- DATA EXTRACTS -
>>

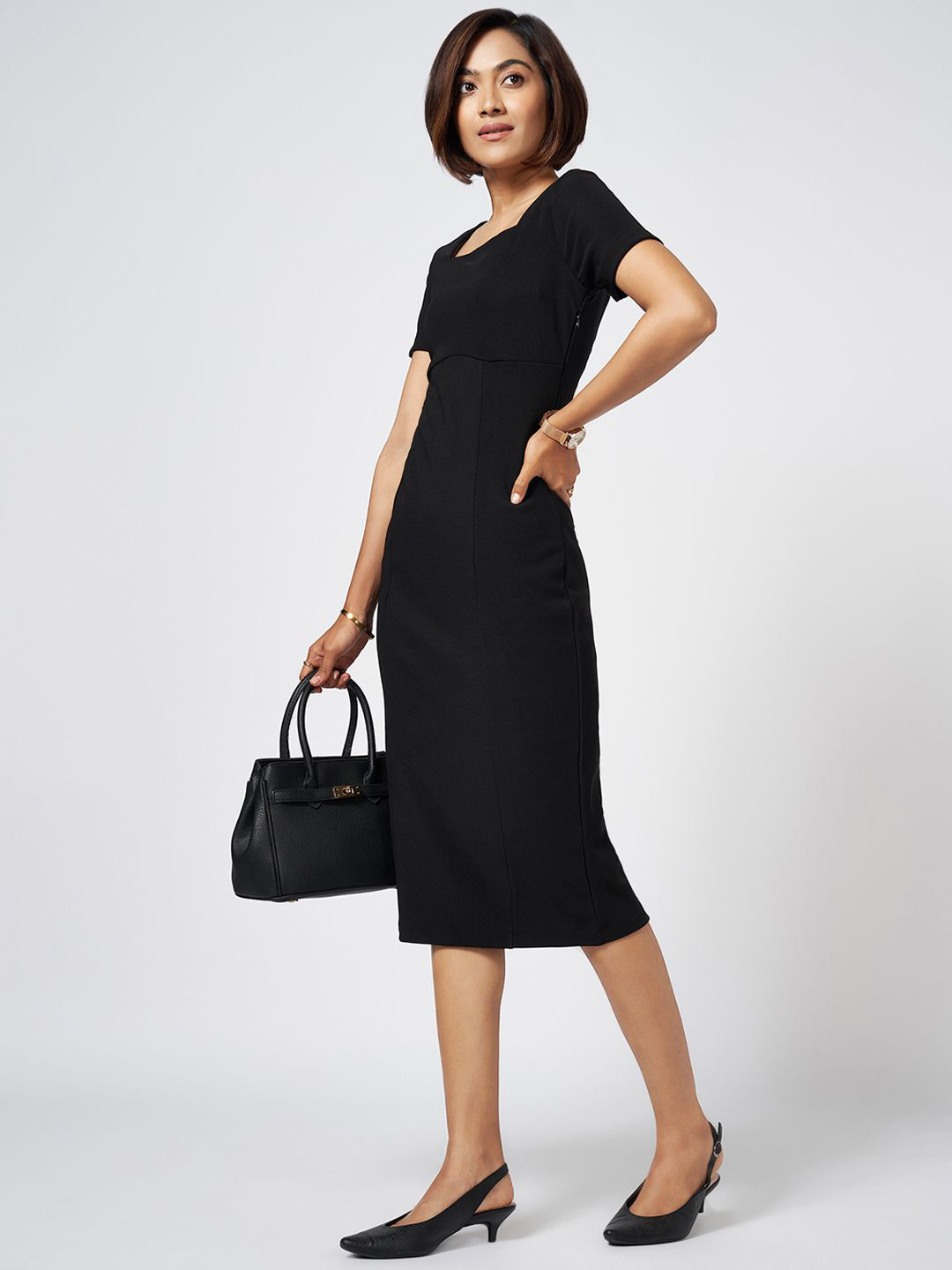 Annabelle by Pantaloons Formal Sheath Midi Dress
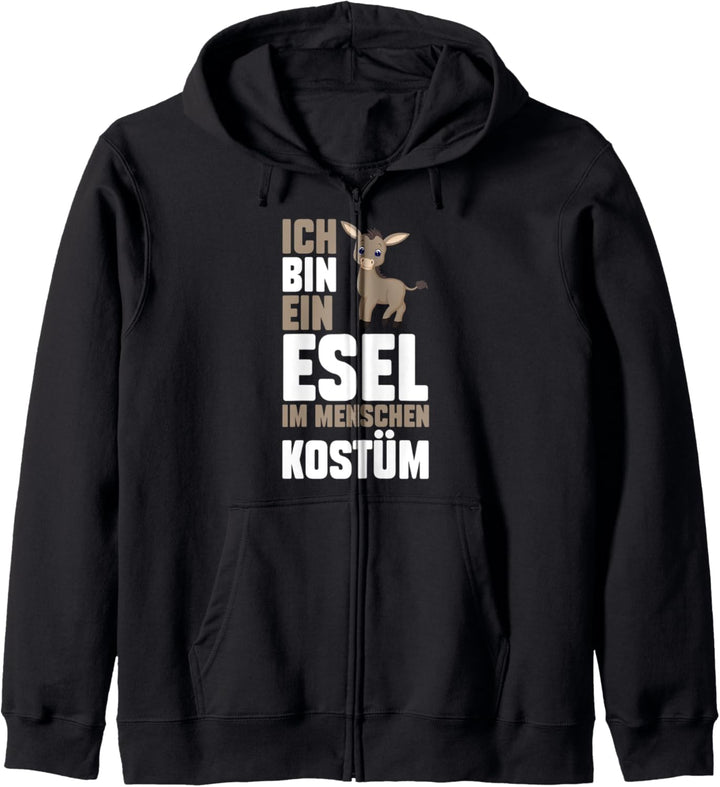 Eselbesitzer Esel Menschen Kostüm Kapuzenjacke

<<
>>

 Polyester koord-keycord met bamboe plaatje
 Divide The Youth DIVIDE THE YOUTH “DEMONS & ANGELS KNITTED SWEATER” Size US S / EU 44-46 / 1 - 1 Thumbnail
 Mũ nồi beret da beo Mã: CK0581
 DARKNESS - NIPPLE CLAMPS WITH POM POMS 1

<<

- WHAT TO WORK ON -
Could you restate word for word the lines above, from the one that contains "Polyester koord-keycord met bamboe plaatje" through the one that contains "DARKNESS - NIPPLE CLAMPS WITH POM POMS 1", and no others?

- THE ANSWER -
 Polyester koord-keycord met bamboe plaatje
 Divide The Youth DIVIDE THE YOUTH “DEMONS & ANGELS KNITTED SWEATER” Size US S / EU 44-46 / 1 - 1 Thumbnail
 Mũ nồi beret da beo Mã: CK0581
 DARKNESS - NIPPLE CLAMPS WITH POM POMS 1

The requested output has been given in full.